Ouvrier syndicaliste, Marcello, un jeune immigré italien, est aux premières loges lors des grèves dans l’aciérie Wandel quelque part en Amérique du Nord au tout début du XXe siècle. La direction finit par faire intervenir la police et le travail reprend. Les meneurs sont virés comme des malpropres. Ainsi démarre le formidable récit imaginé par Hélène Ferrarini et magistralement illustré par Damien Cuvillier.
Marcello compte épouser Louisa mais le père de celle-ci voit cette future union d’un très mauvais œil. Il mandate un ami du jeune homme pour l’enivrer et le faire enrôler sur un chantier de construction dans un prétendu Eldorado de l’Amérique centrale. Le lendemain Marcello reprend conscience sur le bateau qui l’achemine vers son nouvel emploi.
Les conditions de travail sont abominables, proches de celles d’un bagne pénitentiaire. Il se console en écrivant des lettres à Louisa qu’il espère retrouver. Mais ces plis n’iront pas loin. Par un concours de circonstances, c’est la femme de l’ingénieur du chantier, Barbara, qui les fera intercepter. Et les mots de Marcello lui permettront de mieux supporter l’ambiance tropicale et l’aideront à ne pas sombrer davantage dans la neurasthénie.

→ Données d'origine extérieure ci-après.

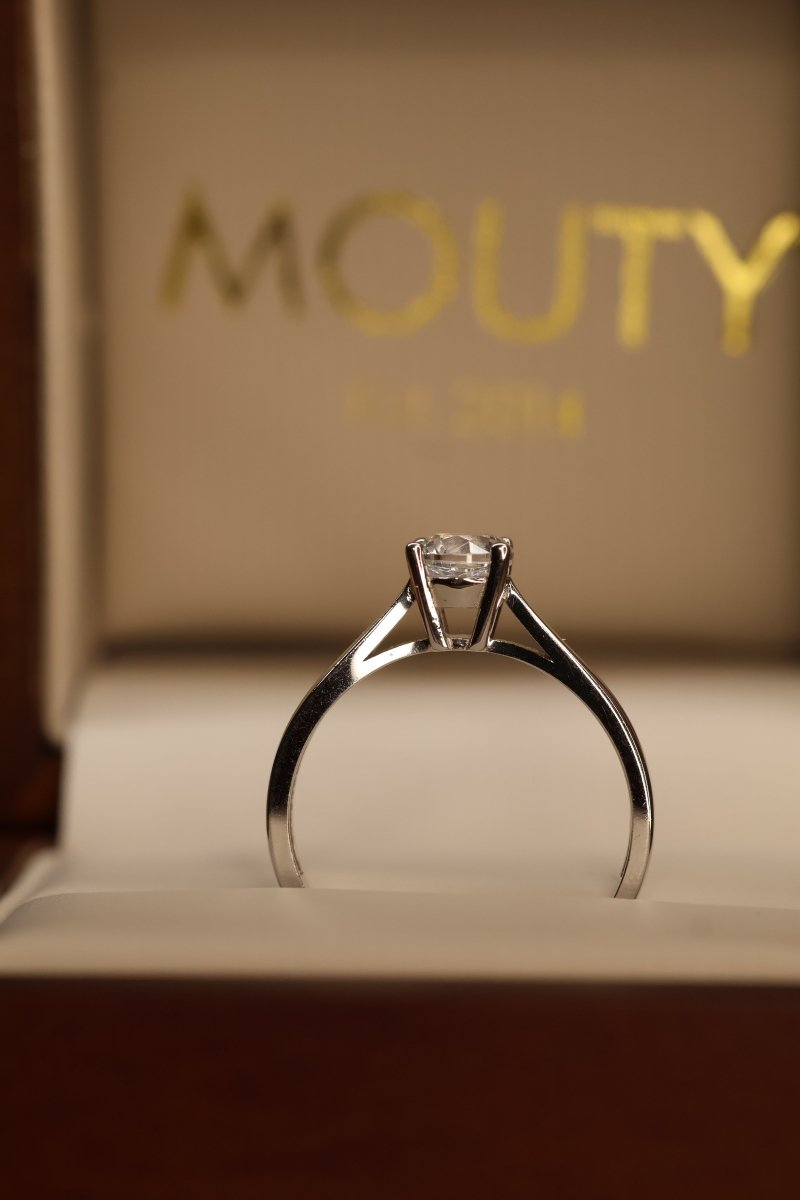 Anillo Lisa en Oro .50 ct - Mouty Joyería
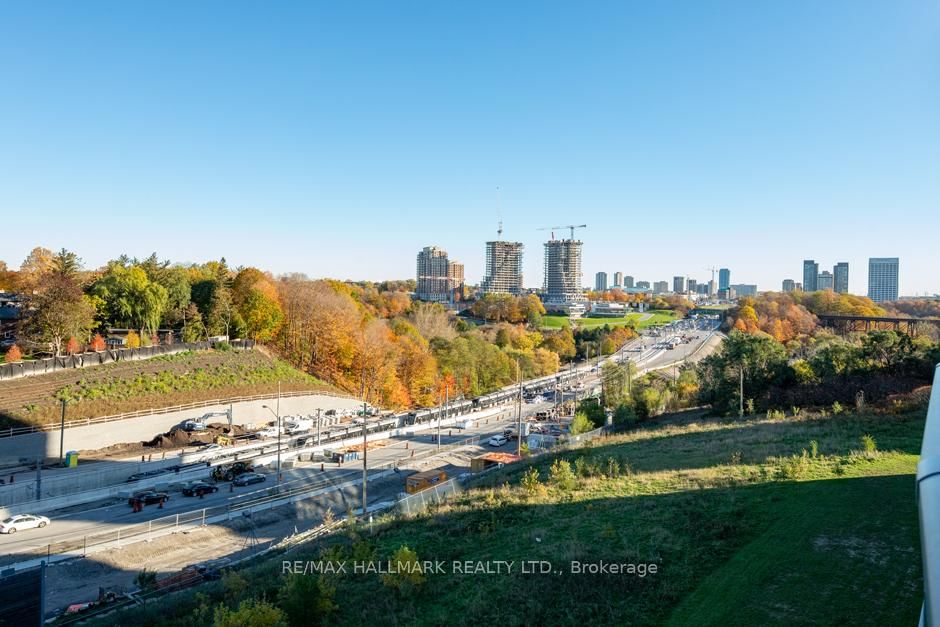 35 Brian Peck Crescent, Unit 423 - Photo 15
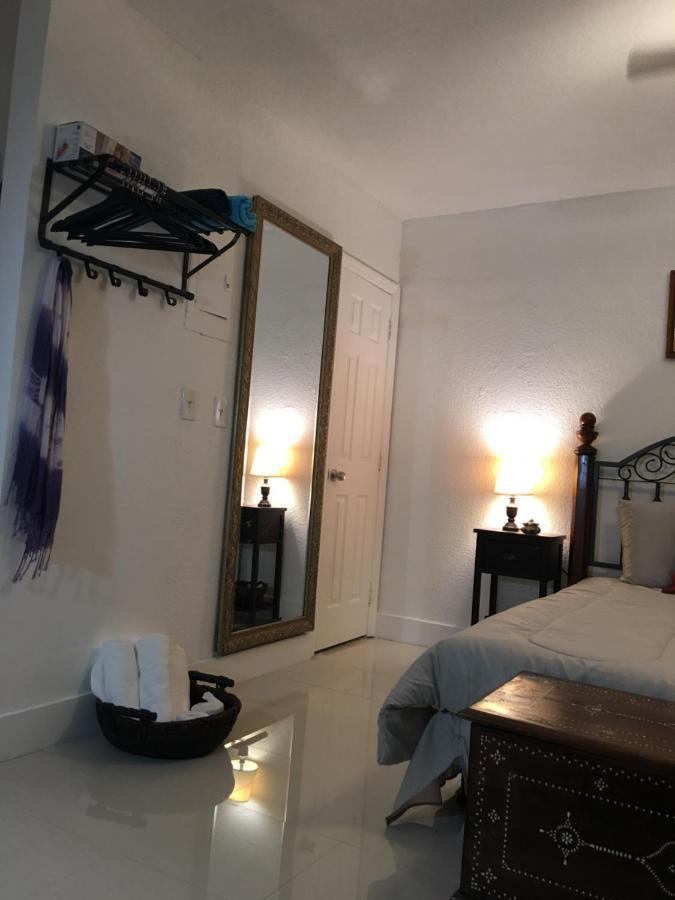 Private Studio Blocks From Coconut Grove Miami Buitenkant foto
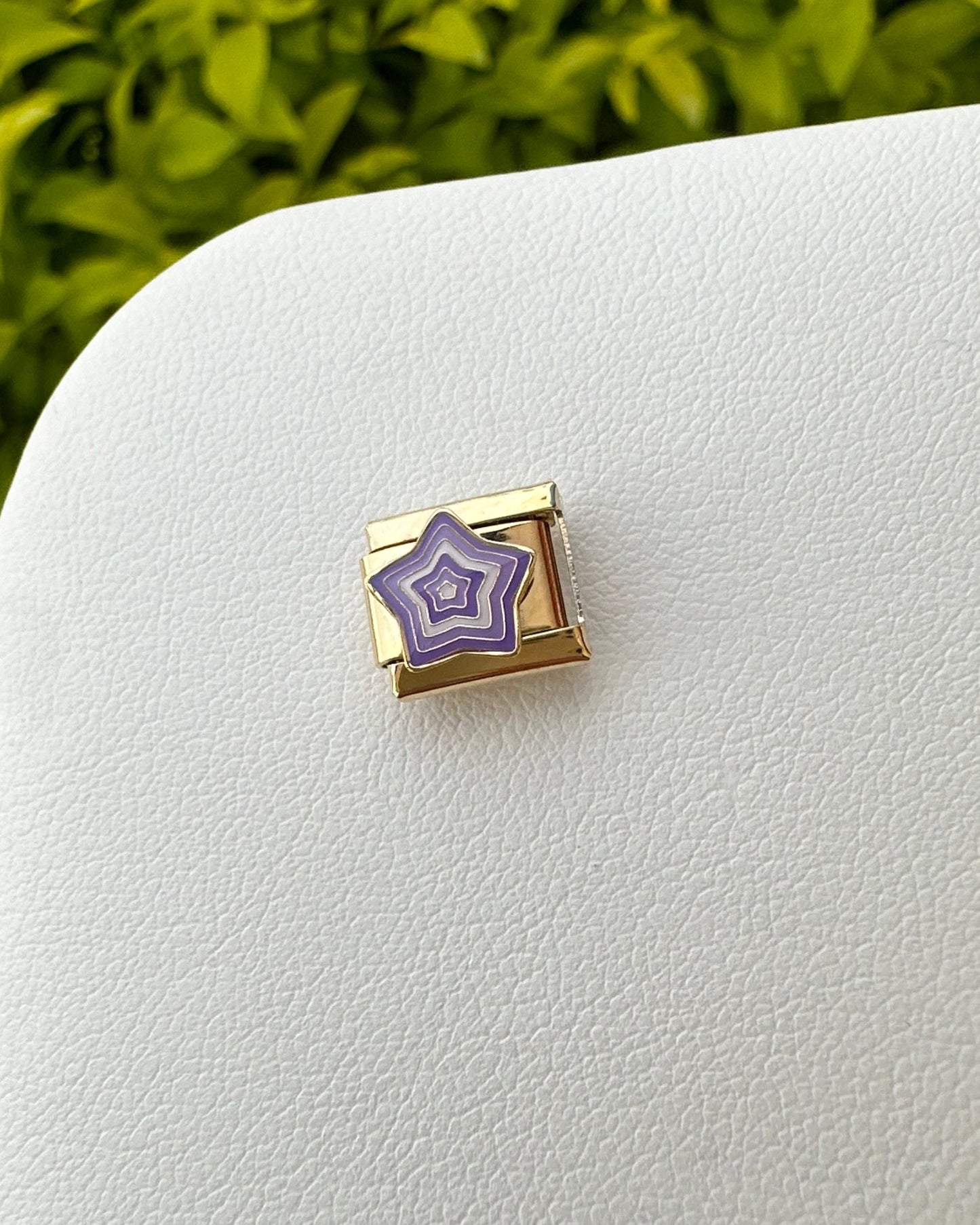 Charm Estrella Lila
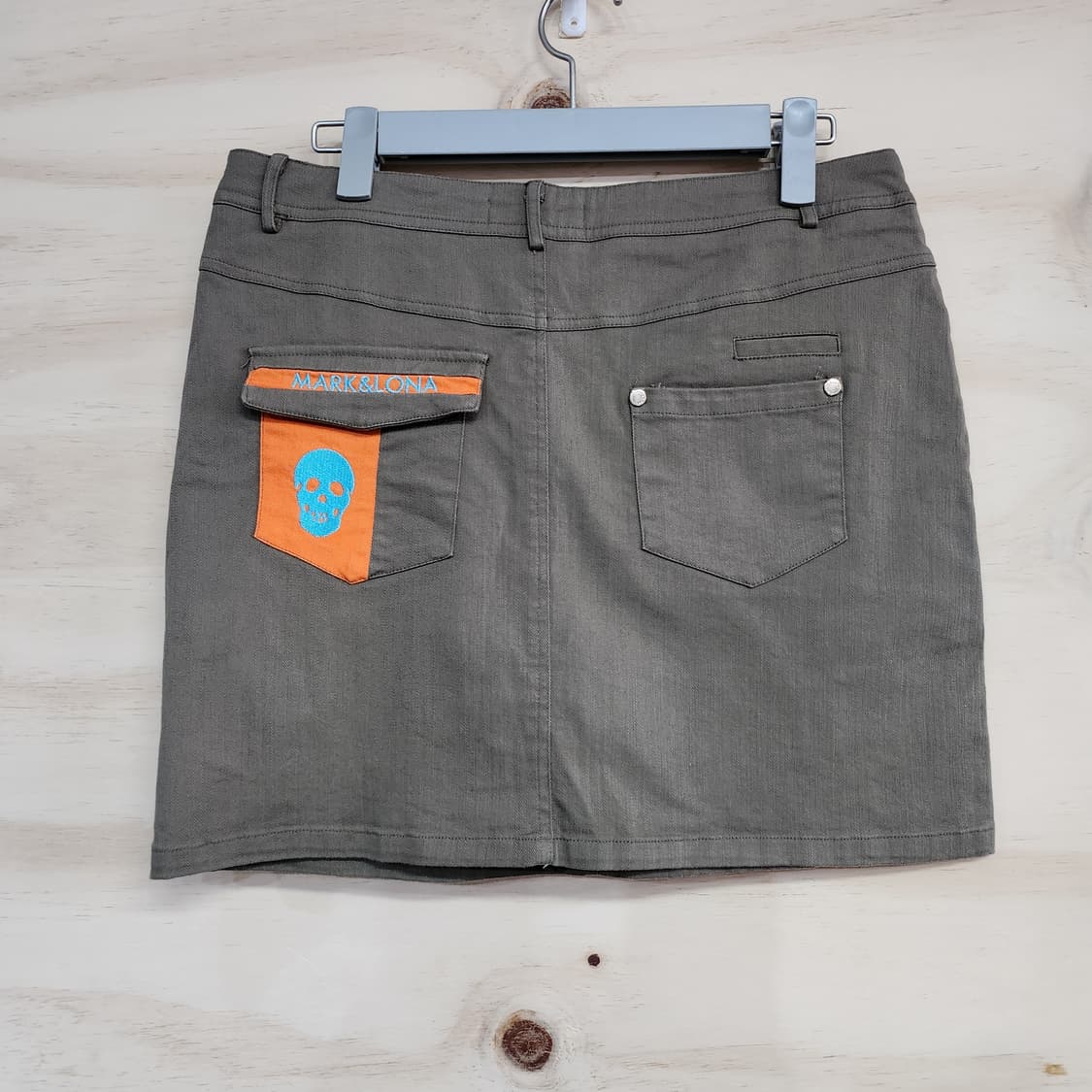 823) 마크앤로나 여성 골프치마 상품이미지2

En dépit d’un dénouement qui paraîtra un peu plaqué aux yeux de certains lecteurs, le scénario d’Hélène Ferrarini, richement documenté sur ce que qu’étaient les conditions de travail à cette époque, se révèle captivant de bout en bout. Plusieurs séquences viennent montrer l’impact écologique du chantier sur la nature et sur les indigènes qui assistent, impuissants, à la destruction de leur environnement.
Le trait précis et la douce palette de couleurs de Damien Cuvillier sied admirablement aux ambiances du récit et ne faiblit à aucun moment. Son découpage éclate dans de longues séquences muettes ou des images en double page pour magnifier les décors. Une performance graphique remarquable qui le hisse parmi les jeunes auteurs sur lesquels il faudra désormais compter.